Nel passato più o meno recente, molti performer hanno dovuto sospendere, rimandare o cancellare tour, da Madonna agli Aerosmith. Altri come Ozzy Osbourne e Paul Simon stanno alzando bandiera bianca perché non riescono più a reggere la vita in tour che è, come diceva Robbie Robertson nel film di Martin Scorsese The Last Waltz, «uno stile di vita impossibile». All’epoca Robertson citava i musicisti che «la strada» si è presa, da Hank Williams a Elvis Presley. In tempi più recenti è significativo il caso di Tom Petty, morto per le conseguenze dei farmaci antidolorifici che prendeva in abbondanza pur di soddisfare i fan che lo volevano in concerto.

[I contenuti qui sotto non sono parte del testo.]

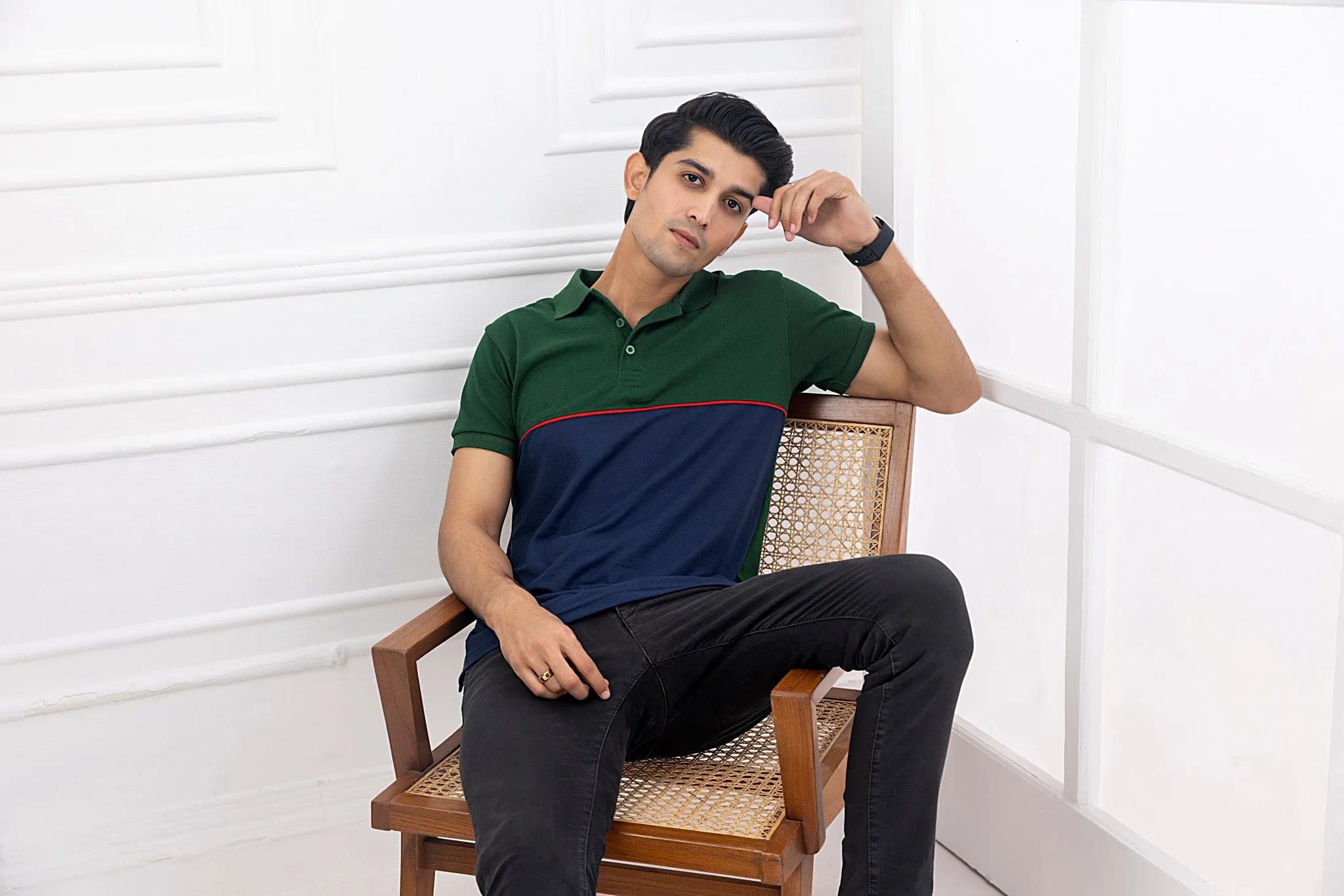 Emerald Tide Polo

Mark Knopfler, 75 anni ad agosto, ha spiegato in questa intervista che non andrà più in tour per «passare più tempo a casa a scrivere e poi andare in studio e fare il disco. Sento che è un modo più produttivo di impiegare il tempo. Quando sono on the road invece mi riduco a scrivere nelle prime ore del mattino o tra un concerto e l’altro o tra una città e l’altra. Non è l’ideale. Di sicuro scrivere canzoni nel bel mezzo della notte è un modo per non dormire abbastanza».
Già quattro anni fa, in questo articolo del Guardian, ci si chiedeva quali potevano essere le conseguenze dell’invecchiamento dei musicisti rock sull’industria dei concerti, oltre naturalmente a quelli che ricadono su artista, organizzatore e fan quando un evento viene cancellato o rimandato. Se è vero che star trenta-quarantenni come Taylor Swift o Beyoncé non faticano a riempire gli stadi in tutto il mondo (da noi lo stanno facendo anche artisti pop e rap italiani che un tempo non facevano grandi numeri), la lenta uscita di scena dei rocker può significare la fine di un segmento di mercato che può contare su un pubblico non più giovanissimo. È il pubblico disposto a spendere cifre notevoli per vedere dal vivo musicisti di classic rock, ma che per vari motivi non andrebbe mai a un concerto di un artista emergente. Gli acciacchi di Bruce Springsteen e i problemi di udito di Paul Simon sono il mesto annuncio della fine di un’epoca.